Living with the fear of impending conflict

Leyli Granmayeh

When the news that an Iranian plane was shot down, I was met with unparalleled fear. My uncle and his wife were taking a flight out of Iran just one week later: 7 days, 168 hours, 604800 seconds. I have flown out of the Khomeini International Airport countless times in my life. I was supposed to travel to Iran to visit my family this summer. One of the 176 passengers on the flight could have been me or my family.
As a debater, I know how easy it can be to emotionally disconnect from an international crisis. To view people as numbers and watch with excited eyes as history unfolds, but when you and your family are the collateral damage of that history, you start to view things differently. People are often treated as the byproduct of one’s macro lens through which we view history. Reduced to numbers, 176 people died when the Iranian military mistakenly shot down a plane on January 8th, 2020. But, in reality, the lives of millions were altered that day. From their families to friends to teachers to neighborhood store clerks, a person is not just one number, they are the center of a network of impact.
To diminish a person’s life to a measly digit in a statistic that will be referenced for years to come is to gravely miss the significance of an event. Many of the 176 passengers that day were young students, newlyweds, parents, and children. They were not just singular persons. They were the start of a million different waves that are still rippling.

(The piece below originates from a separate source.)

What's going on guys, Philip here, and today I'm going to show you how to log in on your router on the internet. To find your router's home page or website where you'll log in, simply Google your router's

I am part of that ripple. I wince every time my phone buzzes, terrified that the next notification will be that of an attack on the Iranian city where my family lives. I FaceTime my uncle to try and compensate for the fact that I have yet to meet my one-year-old cousin because it is too unsafe for me to visit her. I count down the minutes whenever my aunt flies in and out of Iran, hoping her plane is not another one accidentally struck down. I release a breath after passing through US customs when traveling with my parents and four other adults who were born in Iran, grateful that we were not “randomly” selected to be questioned for eight hours. I nervously shake my leg while taking a test because an unimaginable amount of damage can be done in just 45 minutes.

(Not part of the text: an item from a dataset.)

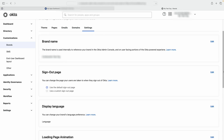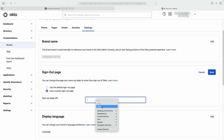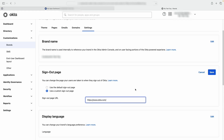On the Sign-out page section, select Edit, then select Use a custom sign-out page and enter the URL that you want the user redirected to at sign-out. Save your changes.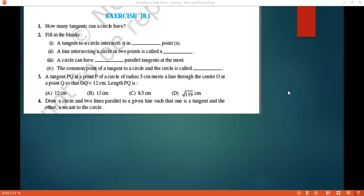Welcome to Vivid Brains. Today we are dealing with circles of CBSC class 10. Let us take exercise 10.1.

Iran is home to my favorite ice cream shop, jewelry store, and amusement park. I think about walking through the crowded streets of a bazaar cluttered with small stands, animated with the shouts of customers trying to bargain the price down. I see communities of people coming together to jump over fire and celebrate the new year. But, in the media, Iran is portrayed very differently. A country and culture are not just a few frames shown on television People are not their government. The media only cares when a major event happens. Even a few days after, it is ancient history and the next juicy story unfolds. But, people in Iran do not get to switch the channel.